The introduction of a wide bodied aircraft (two aisle configuration) for a narrow body player has huge implications on almost every front but the biggest is cost. Low fare airlines the world over refrain from introducing a new aircraft type as that usually leads to cost escalations as spares, crew, technicians and engineers for each variant differ and this means having a parallel set up for each type of aircraft although IndiGo’s A321 and A350 are from the same family and so the airline expects to leverage some synergies and keep a cap on costs.

But not everyone in the sector is convinced and many argue that its success has been in “sticking to the knitting” and these new moves run the risk of escalating costs and confusing the product for passengers, as was seen by the industry with Jet and Jet Lite. Moreover, for the long haul product to work, IndiGo would have to build a hub and spoke system since point to point traffic on many international sectors is unlikely to fill wide body aircraft.

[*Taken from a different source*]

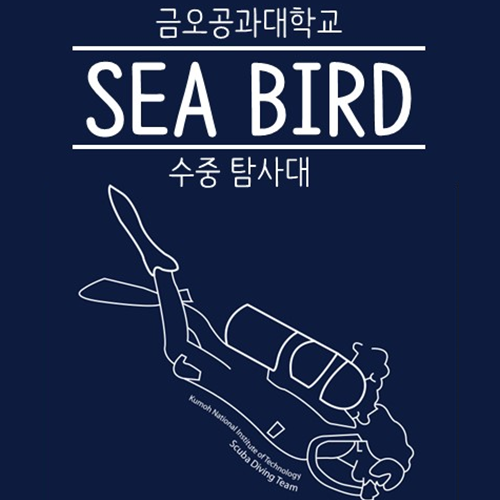 seabird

“I would venture so far as to say that this leap by IndiGo might not have taken place if the second founder Rakesh Gangwal was still equally involved”, argues a former IndiGo top management source, speaking on condition of anonymity.  He calls it a courageous decision, one that requires luck to be on their side as well.

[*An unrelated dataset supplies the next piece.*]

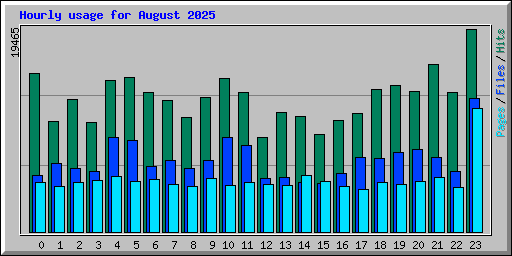 Hourly usage for August 2025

However, in a  recent call with investors, the airline’s CEO Pieter Elbers defended the airline’s decisions, adding that this was a natural step for the airline to take and that the decision had not been taken lightly but with much deliberation and full confidence. Standing on IndiGo’s present perch, the aviation industry cannot take his words lightly either.

How things play out is impossible to predict as of now but suffice to say for now that going forward, India’s once favorite low fare airline will be a brand new creature, fundamentally altered from when it first took to the skies in August 2006. Whether this will eventually help India wrest some of the international traffic back from foreign rivals while holding all those vested in India’s most successful airline in good stead or not, it is much too early to say.